Healthcare Technology Featured Article

July 12, 2013

Leveraging HIT to Improve Specialty Medication Processes


Specialty medications help extend the life expectancy of millions of patients and improve the quality of life for millions more. Despite their value and growing use, they are expensive for payers, patients and society alike. As a result, stakeholders are looking for ways to make specialty medications more affordable and accessible to those patients who need them. One possibility is to leverage health information technology (health IT) to reduce the costly administrative overhead associated with the antiquated phone, paper and fax-based processes still dominating specialty medication prescribing. The time is right to plan for the future and get the ball rolling.

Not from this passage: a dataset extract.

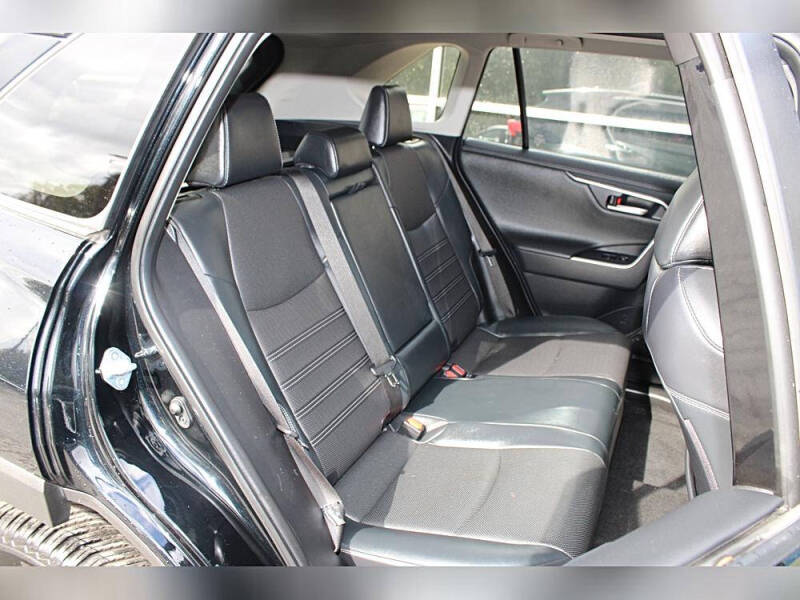 2021 Toyota RAV4 Limited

Arguably, the aspect of specialty drugs that garners the most attention is their cost. While the sticker price varies, specialty medications are often priced at more than $2,000 per month per patient. Many cost much more, and the most expensive specialty drugs run between $100,000 and $750,000 annually. 


Image via Shutterstock

Specialty medications represent the fastest growing segment among healthcare expenditures. According to Express Scripts, outlays are expected to jump nearly 70 percent by 2015 due to numerous factors, including the rising number of patients taking these drugs for chronic illness and our aging population. In addition, many new specialty drugs are expected to be approved for such conditions as cancer, multiple sclerosis, hepatitis C and rheumatoid arthritis, which also will contribute to the expected rise in expenditures for specialty medications and their utilization.

The environment surrounding specialty medications is complex and overhead is high. While an increasing number of high-volume specialty medications – such as insulin and rheumatoid arthritis medications – are being dispensed in retail pharmacies, specialty medications are generally dispensed by specialty pharmacies. This is due in large part to the need for specially trained, dedicated clinicians to help manage therapy in addition to ingredient shelf lives and inventory cost, among others. The ordering process is multifaceted and depends on a variety of information that is not standardized or required in today’s paper world, such as prior therapy regimens.

While the overhead is both extensive and expensive, much is due to the fact that nearly all specialty medications require prior authorization (PA). Today, PA consists of antiquated paper-fax-phone methods that are major productivity drags for payers, pharmacies and providers. This negative productivity impact carries major financial implications. For example, it is estimated to cost physicians between $21 billion and $32 billion annually to process paper-based PA requests.

In addition, the hassles and time lags inherent in PA’s lengthy and burdensome administrative processes prevent many patients from getting the medications they need. 

Furthermore, in the ordering process, it’s critical that the appropriate pharmacy options are identified, yet this is hit-or-miss because most ePrescribing functionality is not designed to identify a preferred pharmacy – just the previous or, in some cases, mail service pharmacy. It’s also critical that, if PA is required, the drug includes a PA flag. However, the PBMs that provide the PA flag are few and far between. The process is so cumbersome that the chief medical officer of an ePrescribing company tells us that he – a technology evangelist who makes designing and using technology a priority – has his staff spend time on the burdensome task of ordering specialty medications instead of bothering to doing so himself.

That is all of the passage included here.